* DATA LISTING
Start of Block
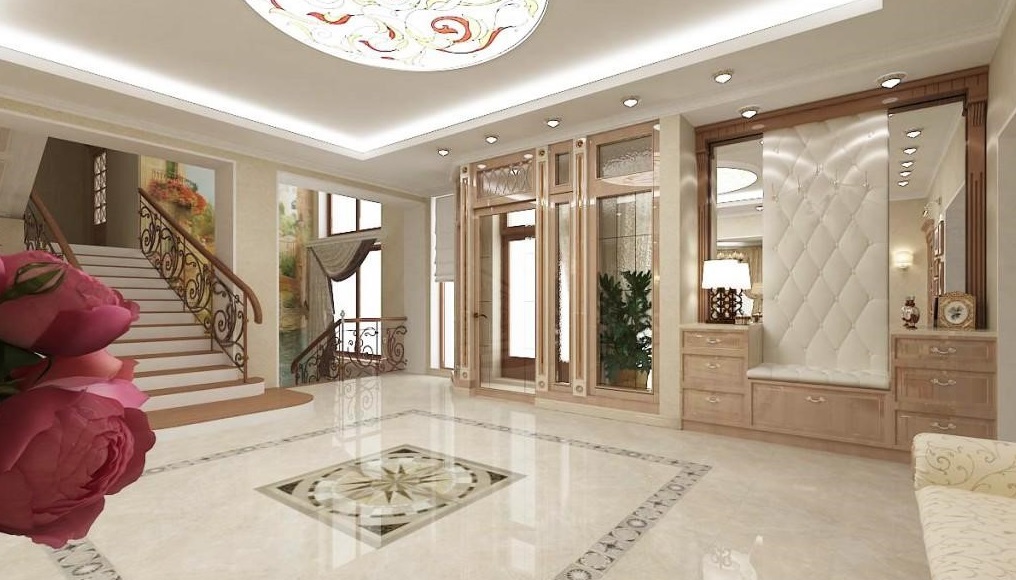 Sảnh nhà có cầu thang uốn lượn, sàn đá cẩm thạch và trần đèn trang trí.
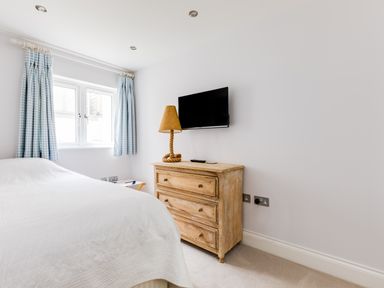 A bedroom with a bed white bedspread wooden chest of drawers table lamp and television on the wall at Rock Lobster in Port Isaac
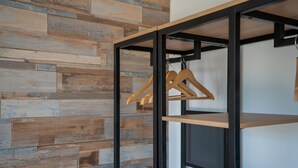 Une pièce avec un lambris en bois et une étagère en métal noir, dotée de supports en bois pour suspendre les vêtements.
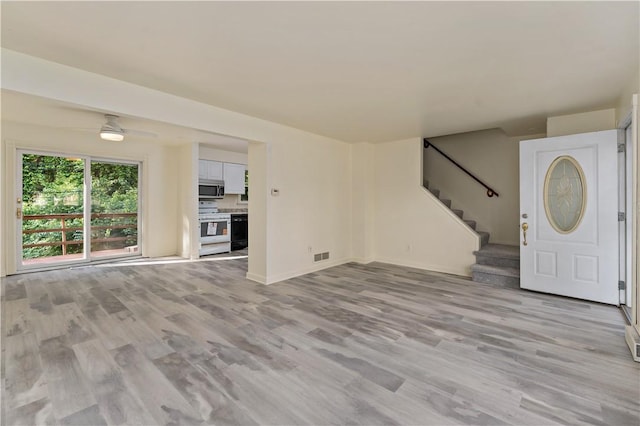 2603 19th St Unit E, Patterson Twp, PA 15010 - unfurnished living room featuring stairs, light wood-type flooring, ceiling fan, and baseboards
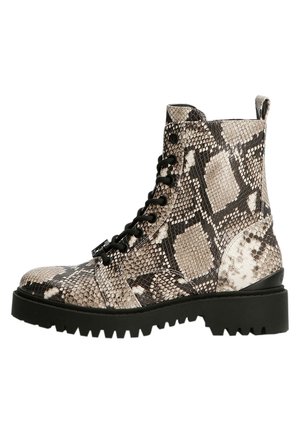 Botte montante à lacets avec semelle noire et texture beige à motif peau de serpent marron.
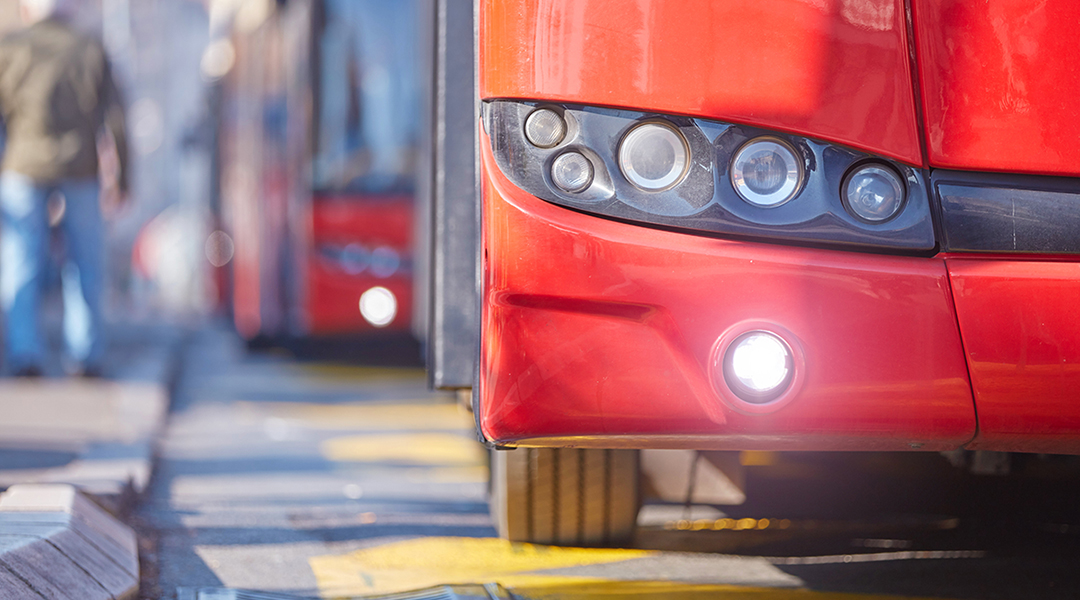 Die Scheinwerfer eines Busse, der an einem Bordstein steht.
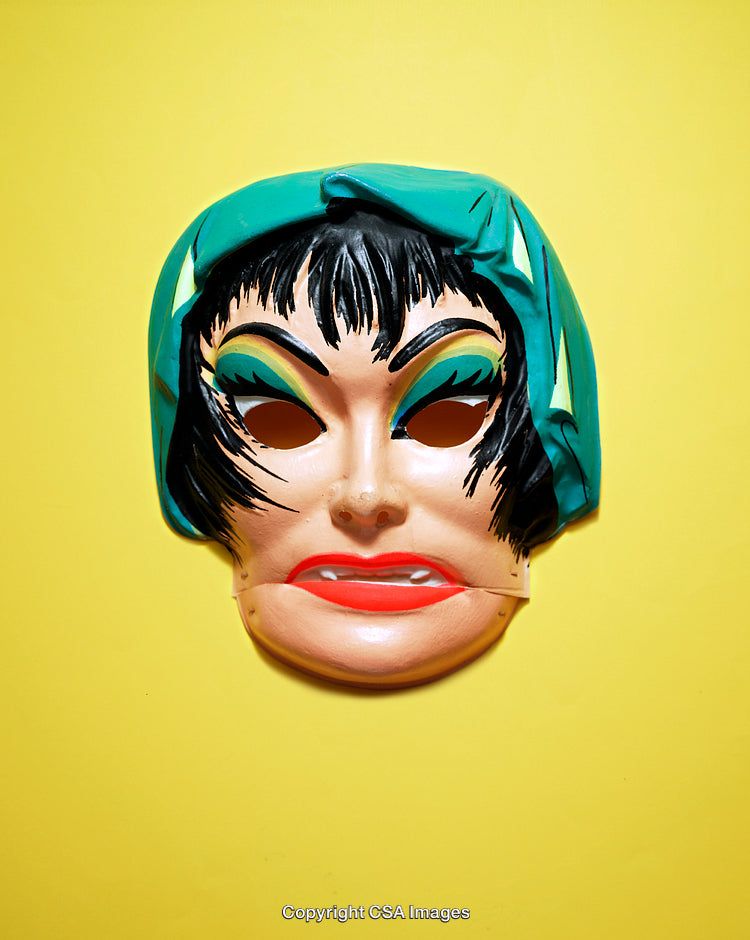Plastic Halloween Mask Against Vibrant Yellow Background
End of Block
* EXERCISE INSTRUCTIONS
The records above are to be copied exactly, with no pictures carried over.

* RESPONSE TO THIS TASK
 Sảnh nhà có cầu thang uốn lượn, sàn đá cẩm thạch và trần đèn trang trí.
 A bedroom with a bed white bedspread wooden chest of drawers table lamp and television on the wall at Rock Lobster in Port Isaac
 Une pièce avec un lambris en bois et une étagère en métal noir, dotée de supports en bois pour suspendre les vêtements.
 2603 19th St Unit E, Patterson Twp, PA 15010 - unfurnished living room featuring stairs, light wood-type flooring, ceiling fan, and baseboards
 Botte montante à lacets avec semelle noire et texture beige à motif peau de serpent marron.
 Die Scheinwerfer eines Busse, der an einem Bordstein steht.
Plastic Halloween Mask Against Vibrant Yellow Background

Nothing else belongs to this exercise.